→ What this task involves
If a record below holds a picture, leave the picture out and copy the rest exactly.

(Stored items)
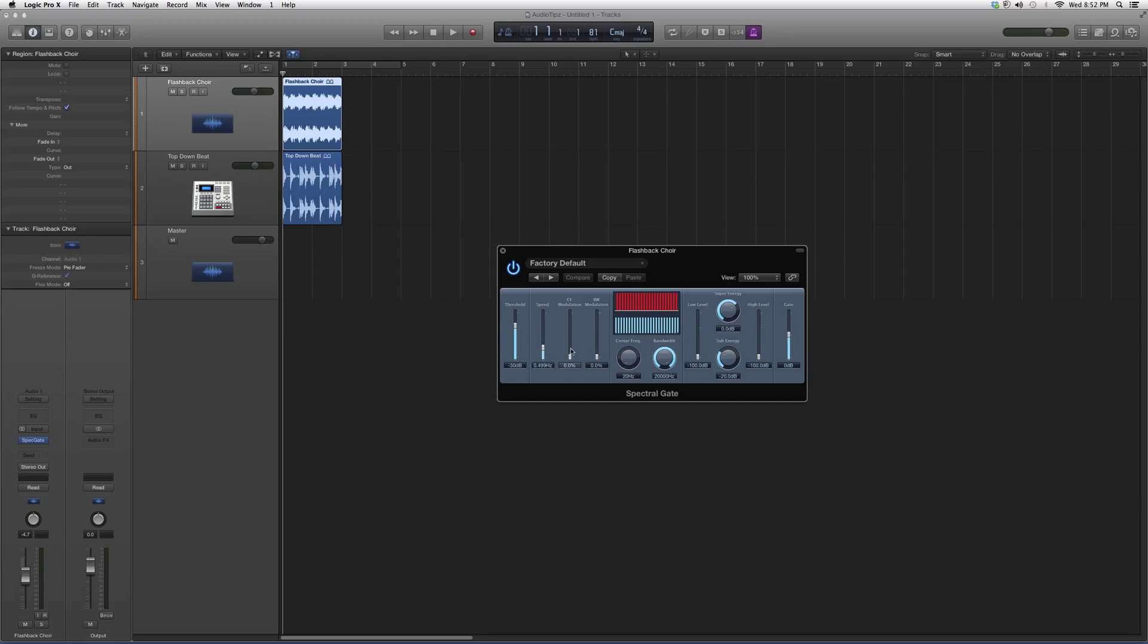You can adjust the modulation, which will give it a little bit of a modulation effect. I'm not sure if you'll like that. Try it out, see what kind of effect it gives. You might like it, you might not.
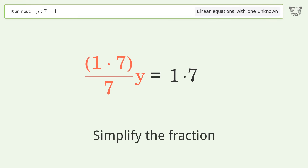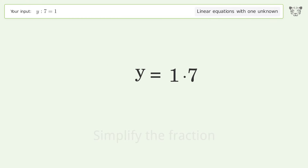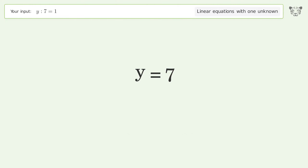Simplify the fraction. Remove the ones. And so the final result is y equals 7.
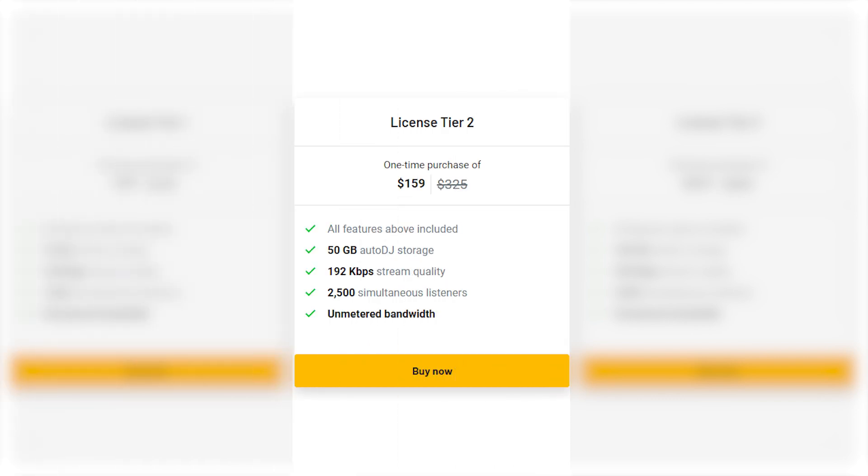Tier 2 Lifetime Deal: $159. Unbeatable value. All Tier 2 features, plus 50GB of storage, up to 250 listeners.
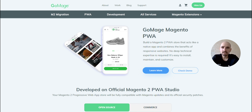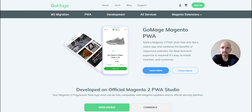One of the main targets of a store owner is to have customers register their accounts on the website or in the PWA. This information can be used for promotion and other marketing activities. Usually, the registration process is quite complex for customers — they have to open a set of fields, enter the data, then submit it, confirm the registration, and so on.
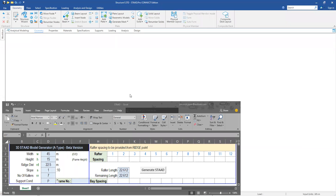Hello everyone. I have created a VBA program using an Excel interface to create a 3D stat model for a typical A-type building. This is my input sheet.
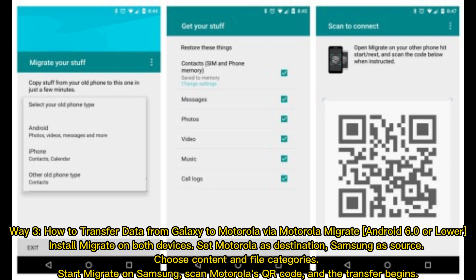Way 3: How to transfer data from Galaxy to Motorola via Motorola Migrate on Android 6.0 or lower. Install Migrate on both devices. Set Motorola as the destination and Samsung as the source. Choose Content and File Categories. Start Migrate on Samsung, scan Motorola's QR code, and the transfer begins.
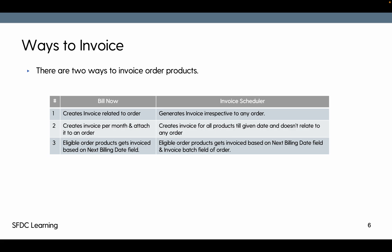In invoice scheduler, eligible order products get invoiced based on next billing date as well as invoice date field available on order. Between both of these we are going to see bill now today and invoice scheduler will cover in our next video tutorial.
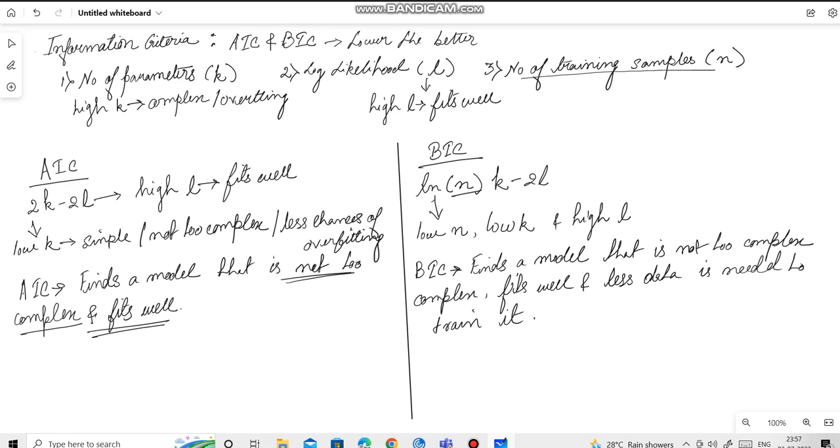The only difference between AIC and BIC is that in BIC the number of training samples is taken into consideration while in AIC it is not. So, BIC can give us an optimal model that fits well, not too complex, doesn't overfit and also needs less amount of data to get trained.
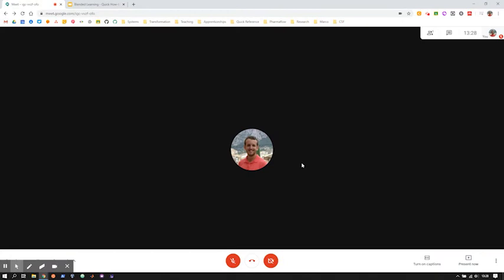Hi all, in this video we're just going to give a quick overview of how to share your slides with your class via Google Meet.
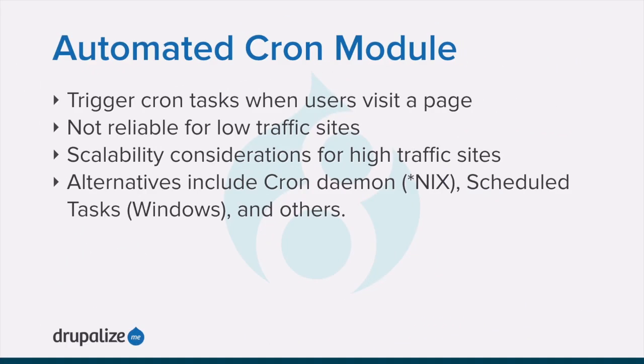The first thing you need to do is choose whether to run cron maintenance tasks using the Core Automated Cron module or by other means.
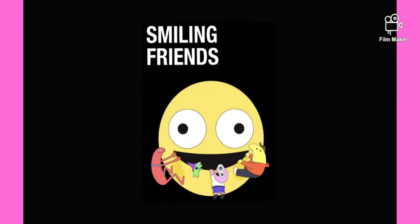Okay, so Adult Swim's new show, The Smiling Friends, is so funny. I don't know, very, very funny. It's comedy gold, it's genuinely comedy gold.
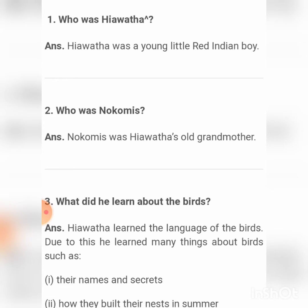What did Hiawatha learn about the birds? We read this in the poem — Hiawatha learned the language of birds. He started to learn the language of birds and animals, and he also started to learn the secrets of the animals, such as how they build their nests in summer.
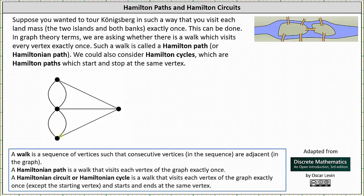Recall that a walk is a sequence of vertices such that consecutive vertices in the sequence are adjacent in the graph. A Hamilton path or Hamiltonian path is a walk that visits each vertex of the graph exactly once. A Hamiltonian circuit or Hamiltonian cycle is a walk that visits each vertex of the graph exactly once, except the starting vertex, and starts and ends at the same vertex.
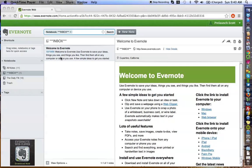Hello everybody. This is Scott Bradley from www.scottbradley.name. In this video, I'm going to share with you a system that I feel is really effective in saving emails that you get from people — where you don't necessarily want to delete them from your inbox, but you still want to have access to them in the future.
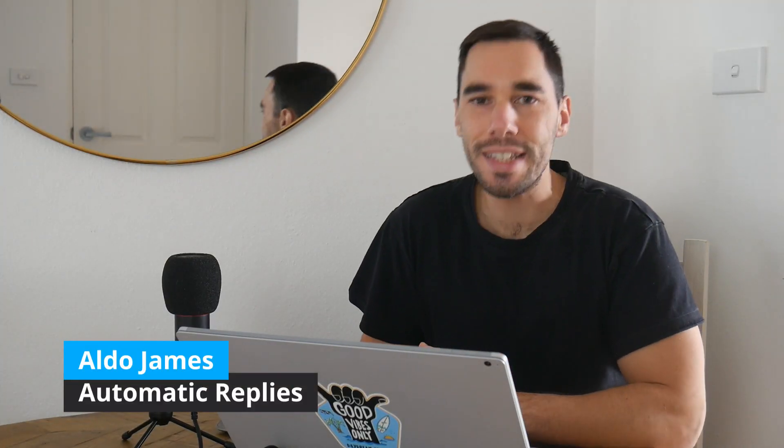Hey everybody, welcome back to the channel. AJ here, and in today's video I'm going to show you three different ways to set up your out-of-office or your automatic replies for your email. We're going to look at using Microsoft Outlook.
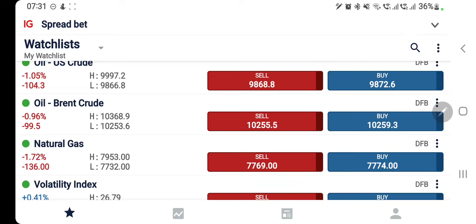US crude traded in a range while natural gas traded with a bullish bias, now again trying to drop a little before it looks to resume the journey. Right now NG is trading at 7.77 and US crude at 98.7 levels. We will look at what is going to happen today, which position you should take, and what your strategy should be to make profit — with the help of candlestick charts and indicators.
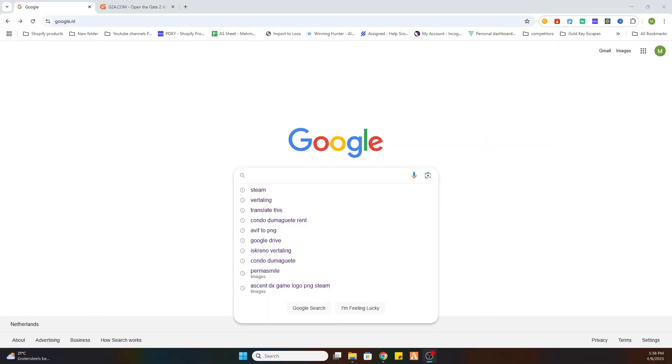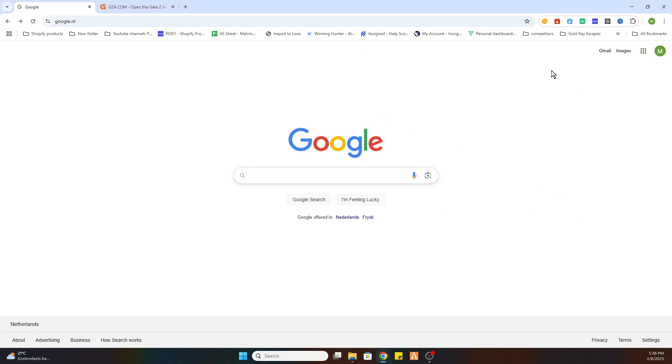In this video I'm going to show you how to download and install the game Phasmophobia on your PC. So what you need to do is open your Google browser, and before we start I would like to ask you to subscribe to our channel and like the video.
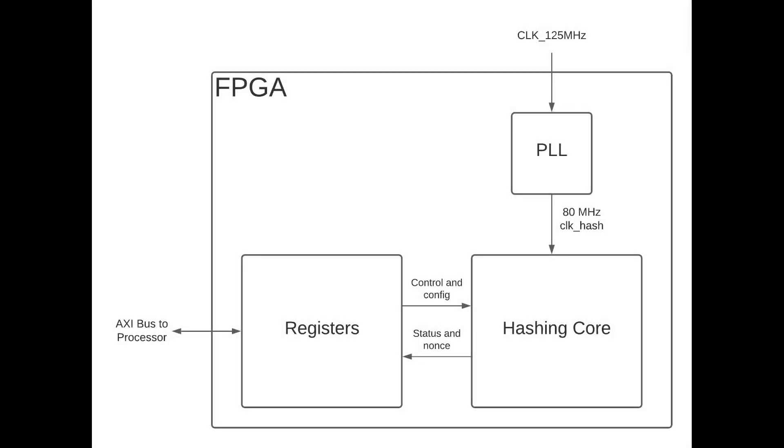Zooming into the FPGA implementation in more detail, there is an AXI bus so the processor can read and write FPGA registers to communicate with it. The 125 MHz Ethernet clock goes into a PLL and creates an 80 MHz clock for the hashing core, which does the double SHA-256 hash and returns valid Nonce to the registers.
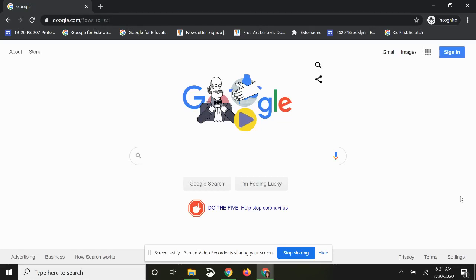Today we're going to learn how to attach an image to a Google Classroom assignment.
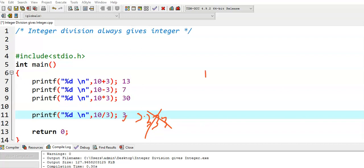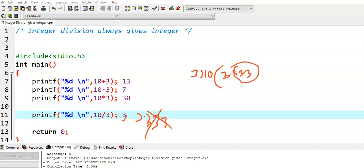Because when 10 is divided by 3, the division operator gives the quotient value. The actual value is 3.3333 something, but since both 10 and 3 are integer values, we get only an integer value. The value 3.3333 is a floating point value, which means the decimal part is truncated and we get only 3.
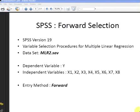In this presentation we are going to look at SPSS and Forward Selection. The version of SPSS we are using is version 19, and what we are looking at here is Forward Selection, which is a variable selection procedure used in multiple linear regression.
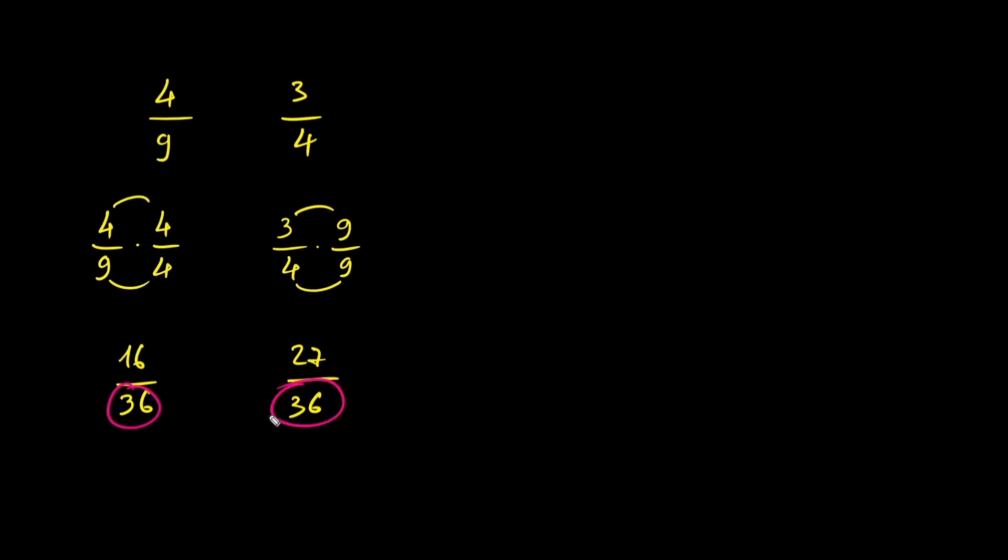Since 27 is greater than 16, 3 over 4 is greater than 4 over 9. And that's a quick and reliable way to compare fractions. Just get common denominators, then compare the numerators.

→ Expected answer
You can adjust the modulation, which will give it a little bit of a modulation effect. I'm not sure if you'll like that. Try it out, see what kind of effect it gives. You might like it, you might not.
Simplify the fraction. Remove the ones. And so the final result is y equals 7.
Tier 2 Lifetime Deal: $159. Unbeatable value. All Tier 2 features, plus 50GB of storage, up to 250 listeners.
One of the main targets of a store owner is to have customers register their accounts on the website or in the PWA. This information can be used for promotion and other marketing activities. Usually, the registration process is quite complex for customers — they have to open a set of fields, enter the data, then submit it, confirm the registration, and so on.
Hello everyone. I have created a VBA program using an Excel interface to create a 3D stat model for a typical A-type building. This is my input sheet.
Way 3: How to transfer data from Galaxy to Motorola via Motorola Migrate on Android 6.0 or lower. Install Migrate on both devices. Set Motorola as the destination and Samsung as the source. Choose Content and File Categories. Start Migrate on Samsung, scan Motorola's QR code, and the transfer begins.
In invoice scheduler, eligible order products get invoiced based on next billing date as well as invoice date field available on order. Between both of these we are going to see bill now today and invoice scheduler will cover in our next video tutorial.
The only difference between AIC and BIC is that in BIC the number of training samples is taken into consideration while in AIC it is not. So, BIC can give us an optimal model that fits well, not too complex, doesn't overfit and also needs less amount of data to get trained.
Hi all, in this video we're just going to give a quick overview of how to share your slides with your class via Google Meet.
The first thing you need to do is choose whether to run cron maintenance tasks using the Core Automated Cron module or by other means.
Okay, so Adult Swim's new show, The Smiling Friends, is so funny. I don't know, very, very funny. It's comedy gold, it's genuinely comedy gold.
What did Hiawatha learn about the birds? We read this in the poem — Hiawatha learned the language of birds. He started to learn the language of birds and animals, and he also started to learn the secrets of the animals, such as how they build their nests in summer.
Recall that a walk is a sequence of vertices such that consecutive vertices in the sequence are adjacent in the graph. A Hamilton path or Hamiltonian path is a walk that visits each vertex of the graph exactly once. A Hamiltonian circuit or Hamiltonian cycle is a walk that visits each vertex of the graph exactly once, except the starting vertex, and starts and ends at the same vertex.
Hello everybody. This is Scott Bradley from www.scottbradley.name. In this video, I'm going to share with you a system that I feel is really effective in saving emails that you get from people — where you don't necessarily want to delete them from your inbox, but you still want to have access to them in the future.
Hey everybody, welcome back to the channel. AJ here, and in today's video I'm going to show you three different ways to set up your out-of-office or your automatic replies for your email. We're going to look at using Microsoft Outlook.
US crude traded in a range while natural gas traded with a bullish bias, now again trying to drop a little before it looks to resume the journey. Right now NG is trading at 7.77 and US crude at 98.7 levels. We will look at what is going to happen today, which position you should take, and what your strategy should be to make profit — with the help of candlestick charts and indicators.
In this video I'm going to show you how to download and install the game Phasmophobia on your PC. So what you need to do is open your Google browser, and before we start I would like to ask you to subscribe to our channel and like the video.
Zooming into the FPGA implementation in more detail, there is an AXI bus so the processor can read and write FPGA registers to communicate with it. The 125 MHz Ethernet clock goes into a PLL and creates an 80 MHz clock for the hashing core, which does the double SHA-256 hash and returns valid Nonce to the registers.
Today we're going to learn how to attach an image to a Google Classroom assignment.
Because when 10 is divided by 3, the division operator gives the quotient value. The actual value is 3.3333 something, but since both 10 and 3 are integer values, we get only an integer value. The value 3.3333 is a floating point value, which means the decimal part is truncated and we get only 3.
In this presentation we are going to look at SPSS and Forward Selection. The version of SPSS we are using is version 19, and what we are looking at here is Forward Selection, which is a variable selection procedure used in multiple linear regression.
Since 27 is greater than 16, 3 over 4 is greater than 4 over 9. And that's a quick and reliable way to compare fractions. Just get common denominators, then compare the numerators.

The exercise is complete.